Seanad debates

Wednesday, 22 March 2023

Location of Victims' Remains: Motion

 

12:30 pm

Photo of Diarmuid WilsonDiarmuid Wilson (Fianna Fail) | Oireachtas source

Like my colleagues, I welcome the families of the victims who are collectively known as "the disappeared" to the Gallery along with the representatives of the WAVE Trauma Centre. They are very welcome but should not have to be here.

I welcome the Minister, Deputy Harris, and I think this is the first opportunity I have had to welcome him as the new Minister for Justice. He is very welcome but, yet again, he should not have to be here either.

I commend my colleagues, Senators Blaney and McGreehan, for tabling this extremely important and emotive motion. I welcome the fact that 14 families of the 19 affected families have found their deceased loved ones. I look forward to the day that the remaining five families are reconciled with the bodies of their loved ones.

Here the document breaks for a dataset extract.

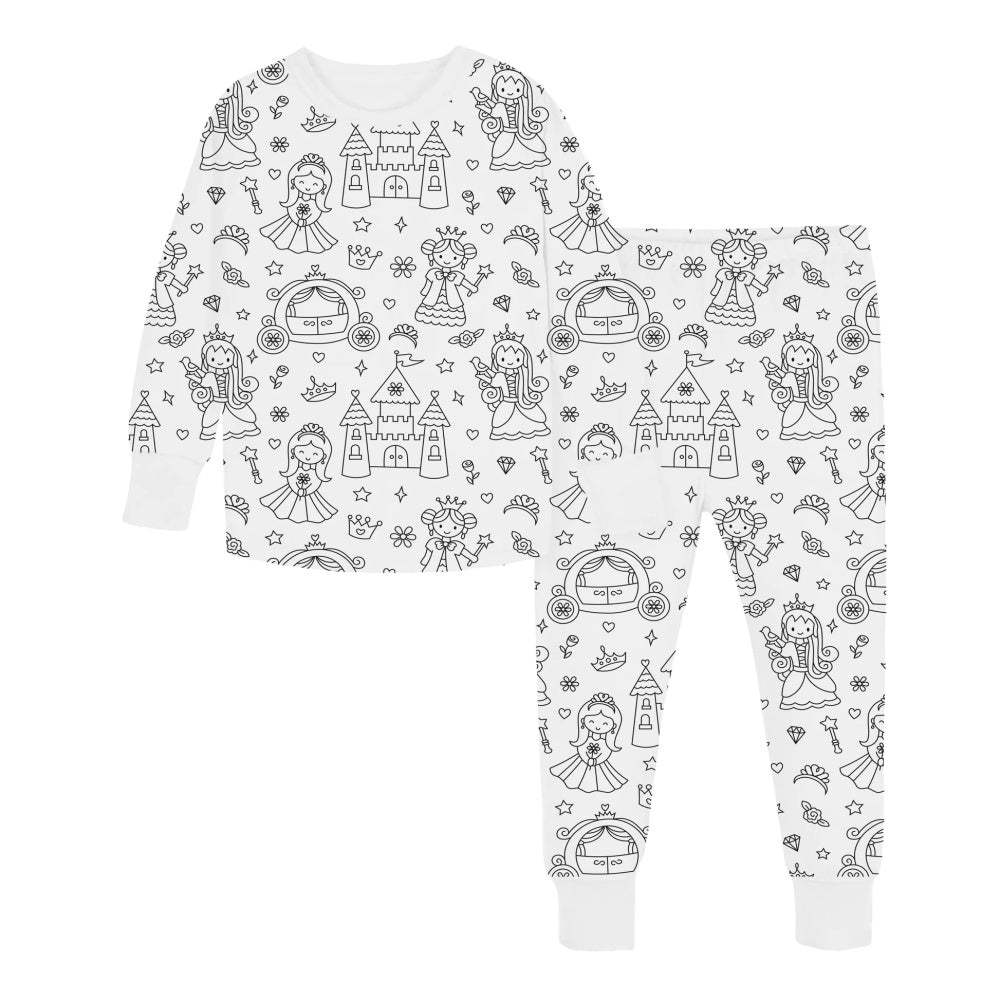 Children's DIY Hand-painted Graffiti Pajama Sets Home Clothes Coloring Cotton Pajama Sets - FaceSocksUSA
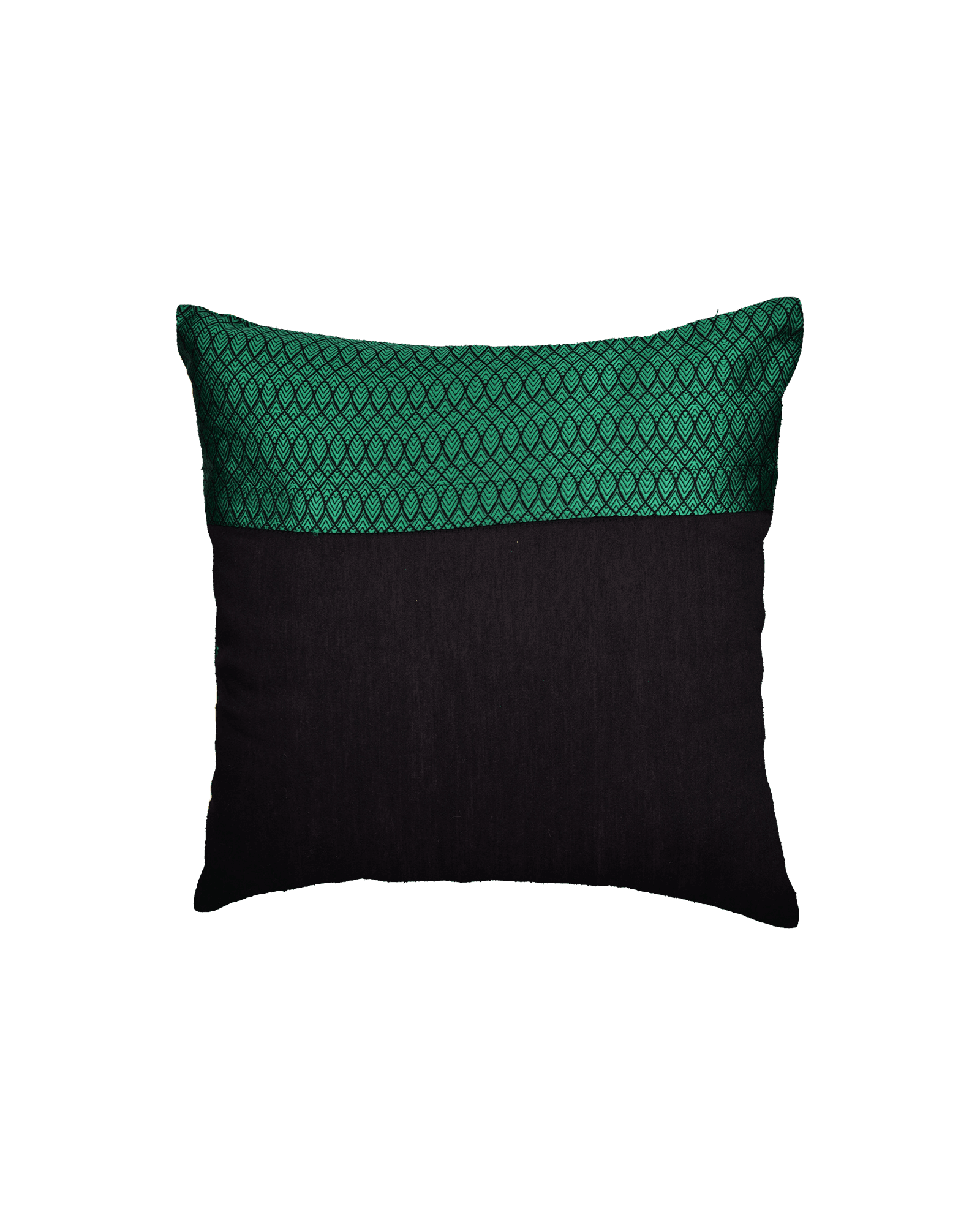 Green Geometric Illusion Poly Silk Cushion Cover 16" - By HolyWeaves, Benares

I commend the 19 families for coming together to form a group to pursue this issue - the location of their loved ones. I especially thank the 14 families who have already found their loved ones for sticking with this process while I am sure they were tempted, at some stages, to walk away and leave the other families to their own devices. I commend the 14 families for not doing that and for sticking together. I hope that we will get a final resolution to this horrific scene.The people who disappeared these victims denied them their lives. They denied their families a traditional way to say goodbye and a permanent graveside to visit. They denied their victims' loved ones the religious rites in which they believed. They denied the disappeared the respect any of us is entitled to when we pass on. They denied the families a grave in which their loved ones could lie beside other family members. They denied the families a permanent place to which they could always go to say goodbye.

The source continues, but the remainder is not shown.